Top of Provided entries

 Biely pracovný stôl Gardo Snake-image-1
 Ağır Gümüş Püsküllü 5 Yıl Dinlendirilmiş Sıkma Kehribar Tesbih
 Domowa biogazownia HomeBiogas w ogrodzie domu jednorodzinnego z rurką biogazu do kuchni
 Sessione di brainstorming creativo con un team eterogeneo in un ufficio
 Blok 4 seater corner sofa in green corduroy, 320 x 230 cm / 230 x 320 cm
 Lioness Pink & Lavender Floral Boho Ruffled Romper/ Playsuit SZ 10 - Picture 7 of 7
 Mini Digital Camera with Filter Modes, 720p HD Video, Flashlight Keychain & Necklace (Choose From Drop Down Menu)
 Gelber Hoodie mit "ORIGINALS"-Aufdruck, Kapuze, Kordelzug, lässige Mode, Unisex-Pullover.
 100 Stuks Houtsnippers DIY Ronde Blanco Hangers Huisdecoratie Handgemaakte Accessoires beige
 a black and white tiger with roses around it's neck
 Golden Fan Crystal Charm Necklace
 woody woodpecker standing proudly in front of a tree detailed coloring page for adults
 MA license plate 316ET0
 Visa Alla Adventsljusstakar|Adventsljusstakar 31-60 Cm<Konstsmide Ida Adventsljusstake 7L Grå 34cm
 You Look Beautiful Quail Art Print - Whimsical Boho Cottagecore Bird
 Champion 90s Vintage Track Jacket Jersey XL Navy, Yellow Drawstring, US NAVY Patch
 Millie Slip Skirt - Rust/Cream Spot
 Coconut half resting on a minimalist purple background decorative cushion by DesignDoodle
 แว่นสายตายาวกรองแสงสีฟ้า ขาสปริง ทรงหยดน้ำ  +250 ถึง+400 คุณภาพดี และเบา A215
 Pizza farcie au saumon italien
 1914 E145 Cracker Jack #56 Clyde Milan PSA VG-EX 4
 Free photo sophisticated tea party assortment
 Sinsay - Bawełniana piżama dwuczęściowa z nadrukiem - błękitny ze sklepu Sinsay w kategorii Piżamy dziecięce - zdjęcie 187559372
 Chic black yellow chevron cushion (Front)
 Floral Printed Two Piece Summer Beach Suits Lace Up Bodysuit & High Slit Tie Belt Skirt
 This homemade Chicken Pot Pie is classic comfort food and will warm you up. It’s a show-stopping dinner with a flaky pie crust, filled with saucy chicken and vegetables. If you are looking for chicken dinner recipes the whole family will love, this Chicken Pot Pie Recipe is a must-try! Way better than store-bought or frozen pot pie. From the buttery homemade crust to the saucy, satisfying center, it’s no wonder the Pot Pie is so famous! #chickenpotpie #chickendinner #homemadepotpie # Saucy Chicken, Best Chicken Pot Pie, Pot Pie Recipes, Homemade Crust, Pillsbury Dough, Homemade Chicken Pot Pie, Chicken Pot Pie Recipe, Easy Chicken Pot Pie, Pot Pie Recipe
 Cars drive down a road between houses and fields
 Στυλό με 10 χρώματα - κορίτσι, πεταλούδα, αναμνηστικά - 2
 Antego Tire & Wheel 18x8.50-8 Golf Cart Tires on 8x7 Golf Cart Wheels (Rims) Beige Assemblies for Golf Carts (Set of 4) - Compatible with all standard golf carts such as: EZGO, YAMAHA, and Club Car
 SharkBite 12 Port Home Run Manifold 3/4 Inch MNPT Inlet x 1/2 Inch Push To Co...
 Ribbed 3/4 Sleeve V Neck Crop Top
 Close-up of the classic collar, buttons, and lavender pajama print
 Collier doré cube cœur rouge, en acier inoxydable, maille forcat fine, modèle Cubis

Bottom of Provided entries

Task objective: Give again, unchanged, the lines running from the top of the material above through the line that has "Free photo sophisticated", and nothing more.

Answer box:
 Biely pracovný stôl Gardo Snake-image-1
 Ağır Gümüş Püsküllü 5 Yıl Dinlendirilmiş Sıkma Kehribar Tesbih
 Domowa biogazownia HomeBiogas w ogrodzie domu jednorodzinnego z rurką biogazu do kuchni
 Sessione di brainstorming creativo con un team eterogeneo in un ufficio
 Blok 4 seater corner sofa in green corduroy, 320 x 230 cm / 230 x 320 cm
 Lioness Pink & Lavender Floral Boho Ruffled Romper/ Playsuit SZ 10 - Picture 7 of 7
 Mini Digital Camera with Filter Modes, 720p HD Video, Flashlight Keychain & Necklace (Choose From Drop Down Menu)
 Gelber Hoodie mit "ORIGINALS"-Aufdruck, Kapuze, Kordelzug, lässige Mode, Unisex-Pullover.
 100 Stuks Houtsnippers DIY Ronde Blanco Hangers Huisdecoratie Handgemaakte Accessoires beige
 a black and white tiger with roses around it's neck
 Golden Fan Crystal Charm Necklace
 woody woodpecker standing proudly in front of a tree detailed coloring page for adults
 MA license plate 316ET0
 Visa Alla Adventsljusstakar|Adventsljusstakar 31-60 Cm<Konstsmide Ida Adventsljusstake 7L Grå 34cm
 You Look Beautiful Quail Art Print - Whimsical Boho Cottagecore Bird
 Champion 90s Vintage Track Jacket Jersey XL Navy, Yellow Drawstring, US NAVY Patch
 Millie Slip Skirt - Rust/Cream Spot
 Coconut half resting on a minimalist purple background decorative cushion by DesignDoodle
 แว่นสายตายาวกรองแสงสีฟ้า ขาสปริง ทรงหยดน้ำ  +250 ถึง+400 คุณภาพดี และเบา A215
 Pizza farcie au saumon italien
 1914 E145 Cracker Jack #56 Clyde Milan PSA VG-EX 4
 Free photo sophisticated tea party assortment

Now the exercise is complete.